*Stored data:*
● ● ●

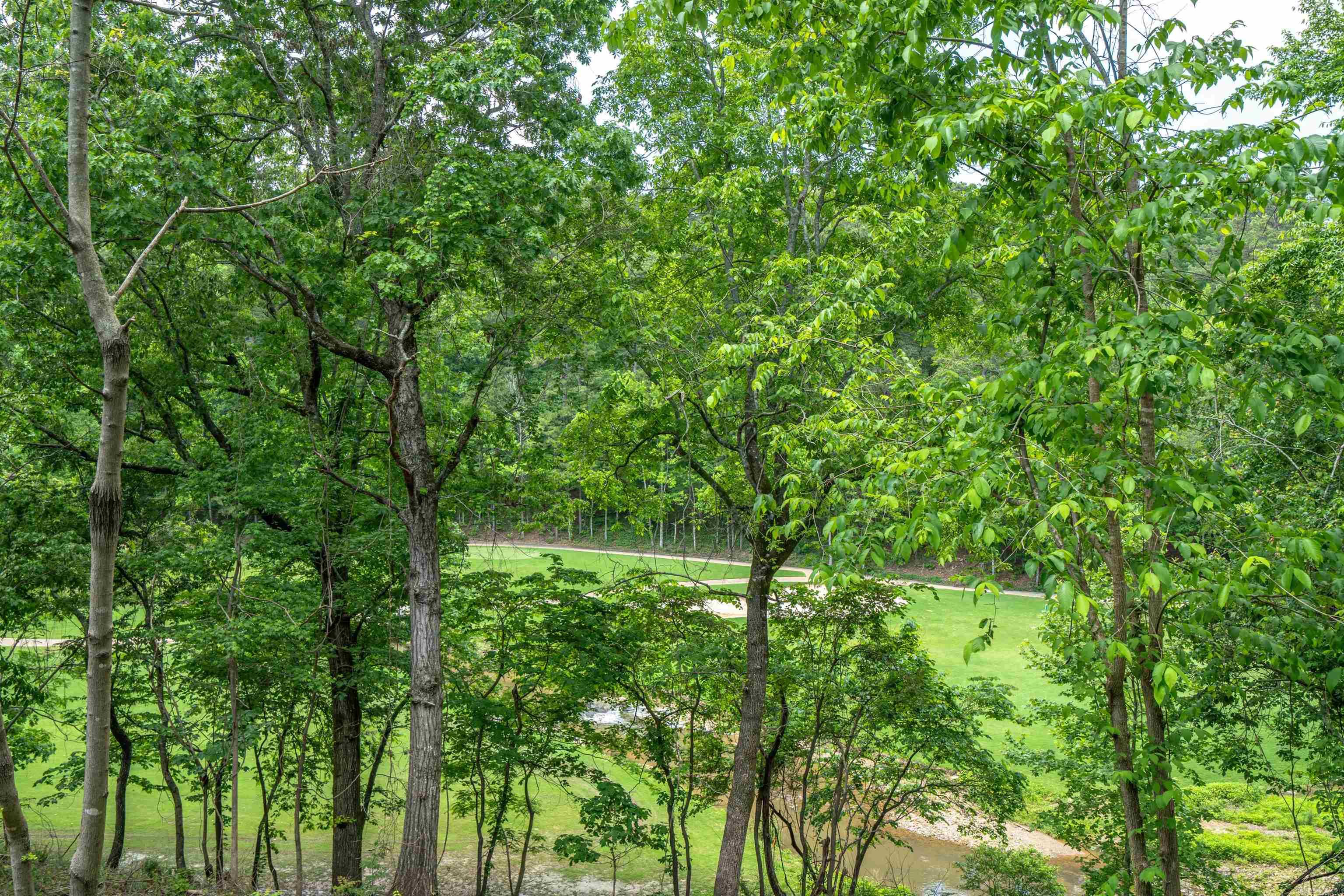 168 Cordero  Hot Springs Village, AR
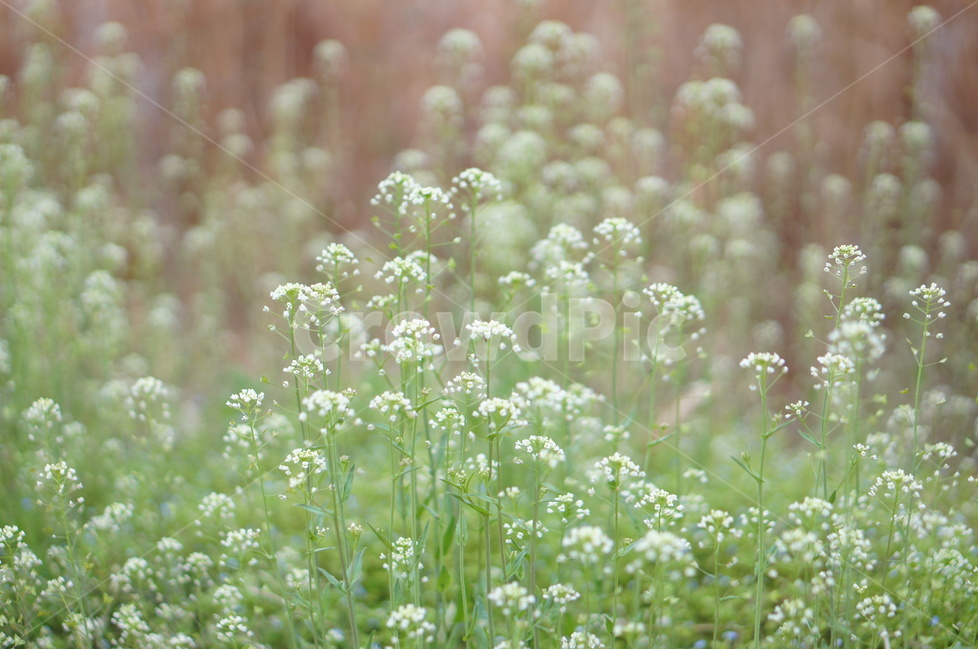냉이꽃,봄,흰색,길가,밭,연두줄기,식물,자연,plants,nature,꽃,flower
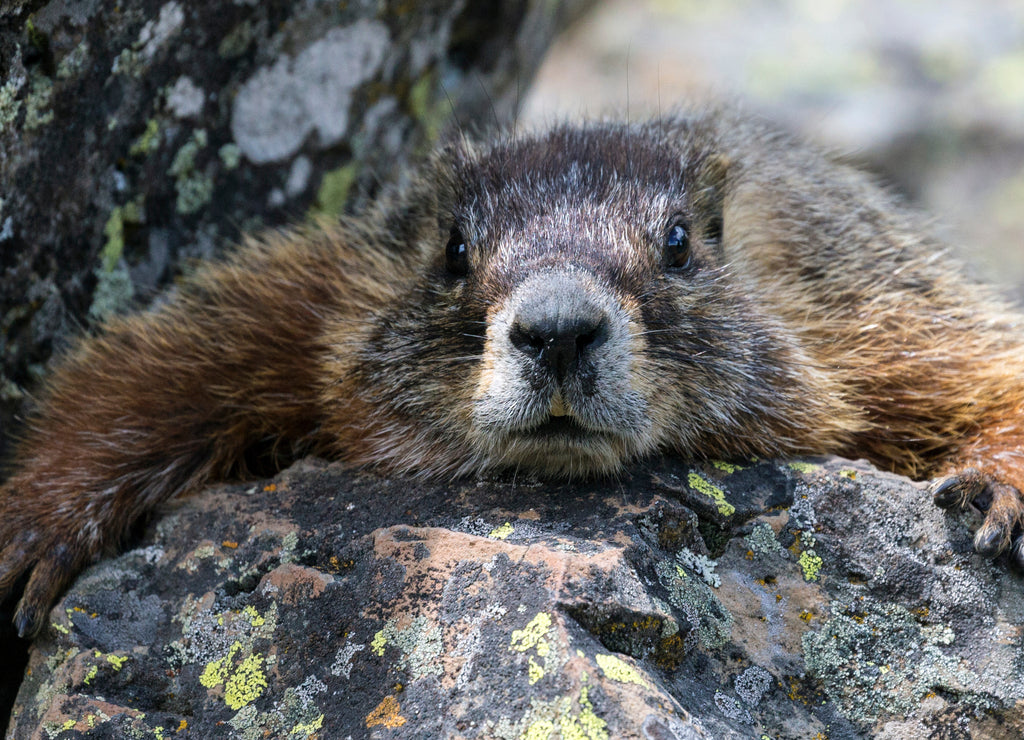 Wild marmot in Yellowstone National Park (Wyoming)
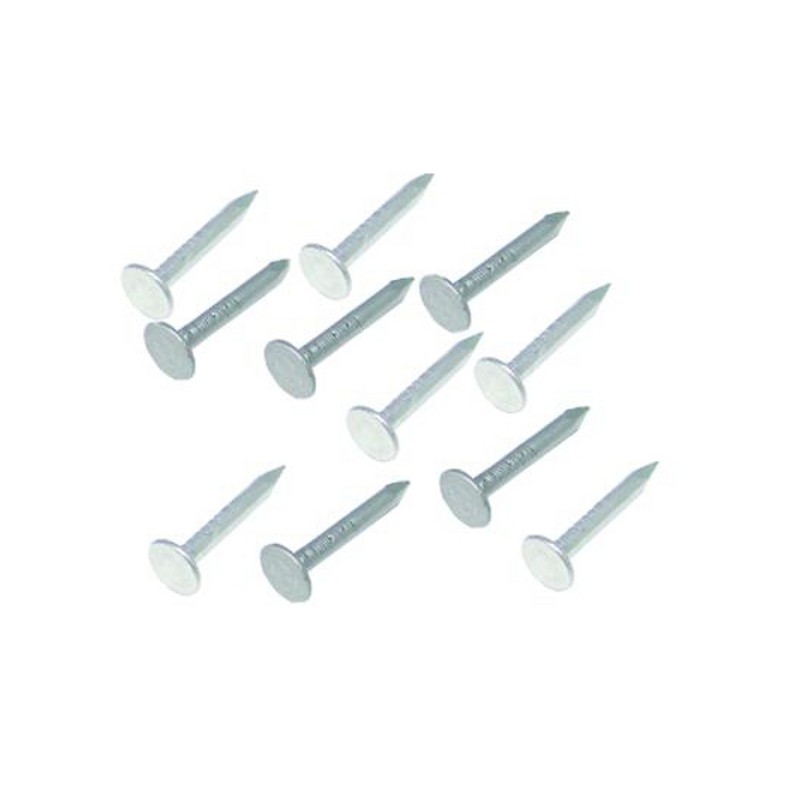 Asfaltnagels verzinkt 3.0x25 5 kg Asfaltnagels verzinkt 3.0x25 5 kg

● ● ●

*Exercise directions:* Reproduce, unchanged, each line between the one with "Wild marmot in" and the last line of the material, both included; the pictures do not go in.

*Answer area:*
 Wild marmot in Yellowstone National Park (Wyoming)
 Asfaltnagels verzinkt 3.0x25 5 kg Asfaltnagels verzinkt 3.0x25 5 kg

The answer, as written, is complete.